By Peter H. Milliken

milliken@vindy.com

YOUNGSTOWN

The Coconut Grove, a bar at 3229 South Ave., and its manager, Sam Moffie of Poland, have sued the city of Youngstown concerning a warrantless vice-squad raid, citation and seizure of alcohol at the bar Nov. 6.

In the lawsuit, David J. Betras, the bar’s lawyer, asks for unspecified monetary damages and an injunction banning the city from interfering with the bar until the state makes a final decision on its liquor-license renewal.

The lawsuit, filed Wed-nesday in Mahoning County Common Pleas Court and assigned to Judge James C. Evans, says the bar’s liquor license remains valid until Feb. 1, 2013. The lawsuit demands a jury trial.

Bobbi Kosmo, 31, of East Lucius Avenue, a Coconut Grove bartender, was cited for serving alcohol without a license after she reportedly sold a beer to a police officer posing as a customer and couldn’t show the bar’s liquor license to police upon request.

Police said they seized 88 bottles of alcoholic beverages from the bar, stored them as evidence and notified state liquor agents.

The Ohio Division of Liquor Control rejected the bar’s license-renewal application in August.

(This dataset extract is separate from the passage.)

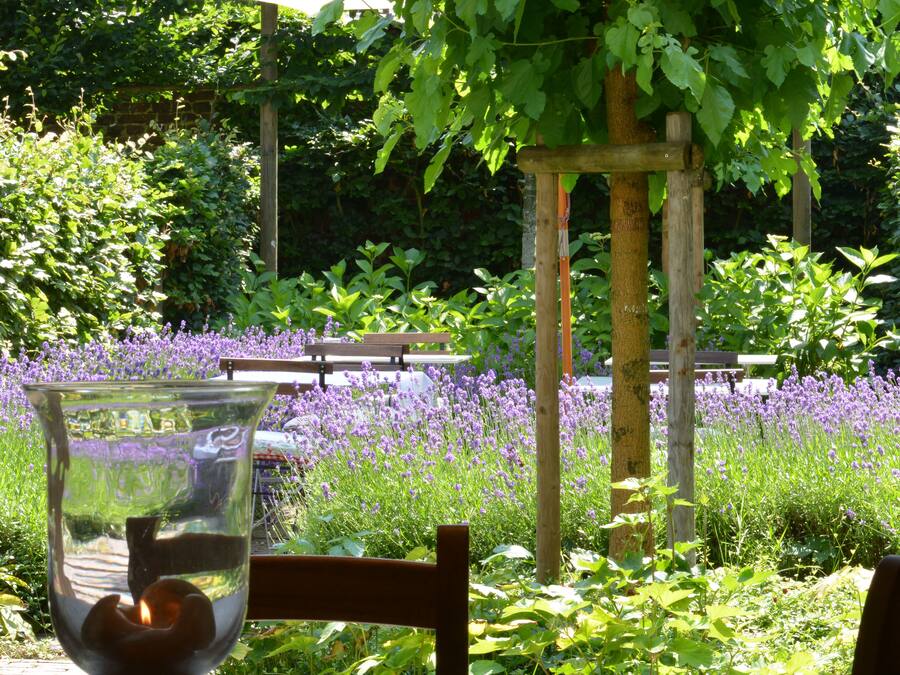 A table with a clear glass and a chair, set outdoors with a garden and a wooden pergola in the background.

It cited 56 calls for police service at the bar during the year ending in March 2012; a homicide victim, Jerome Miller, having been found in the bar’s parking lot in October 2011; and city council’s objection to the bar’s liquor-license renewal, among the reasons for its decision.

The Ohio Liquor Control Commission denied the bar’s application for a stay of the license termination Oct. 10.

Anthony Farris, city law director, and Jackie Williams, commission executive director, said the bar did not have a valid liquor license Nov. 6. Williams said the bar shouldn’t have been serving alcohol after Oct. 10.

No warrant was needed for the police action, because a police officer “walked into an open business and asked for a drink,” and was served, Farris said.

The commission will conduct a hearing on the bar’s appeal of the nonrenewal of its liquor license Dec. 7 in Columbus, Farris said.

Police said they saw that the bar was decorated for a party Nov. 6, and that Kosmo told them 400 people were expected for the party that evening.